Some £11m later and World Superbikes, BTCC and the Historic Festival prove that Donington is again not just open for business, but packed out. From this year under Jonathan Palmer’s thriving MSV umbrella, the 650-acre site is busy almost every day with racing, testing, launches, even weddings; the Tarmac Lake, once home to the massive Donington market, echoes to Ferraris and Caterhams, the Heritage Loop to manufacturer promotions. But theirs is not a retail operation. “We have a venue hire team who subcontract areas for things like driver experience, skid training and functions,” explains Nicholls. “We even had a new toothpaste launched in the Senna suite.” There’s now a serious off-road course, and of course the music festivals – first Monsters of Rock and now Download. “Don’t forget Little Mix,” says the urbane Tate, though it sounds from his tone as if he just might not be in that crowd. Erecting temporary stages and vast campsites, festival organisers take the site for a month, says a resigned Bob Commons. “We make it pretty, 70,000 people wreck it, we start again. It’s a bit disheartening, but…”
Donington pushes the access angle hard – it’s by the M1, there’s a new rail station nearby and it’s the only UK track effectively with its own international airport. “I know people who fly in from Spain to test their cars,” Tate says, “and we’re close to ‘motor sport valley’.” In 2014 Donington became an international nexus with the building of the £5.7m Formula E development workshops and HQ, which Tate calls “a huge PR boost for us”. But this has ended one dream, as Commons who supervised the construction reflects: “There was a plan to reconnect the Melbourne loop for 2019, but now the Formula E complex is in the way.”

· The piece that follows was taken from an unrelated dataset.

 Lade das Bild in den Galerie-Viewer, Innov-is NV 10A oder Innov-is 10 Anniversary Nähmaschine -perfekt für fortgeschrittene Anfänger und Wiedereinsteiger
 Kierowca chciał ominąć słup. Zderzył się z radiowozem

Most of us visit Donington Park for a particular event, whether a race, a skid training session or to stand in the dark as the amps get cranked up to 11; few of us are aware of the extent, the multiplicity, the mechanics of what goes on here. With its small team – only 25 full-timers – the Park has weathered devastating storms between balmy climes but now the sun seems to be out once more. And if you can hear a distant thunder even after the last race of the weekend finishes, it’s probably Tom Wheatcroft, surrounded by his racing heroes, looking down and laughing his booming laugh.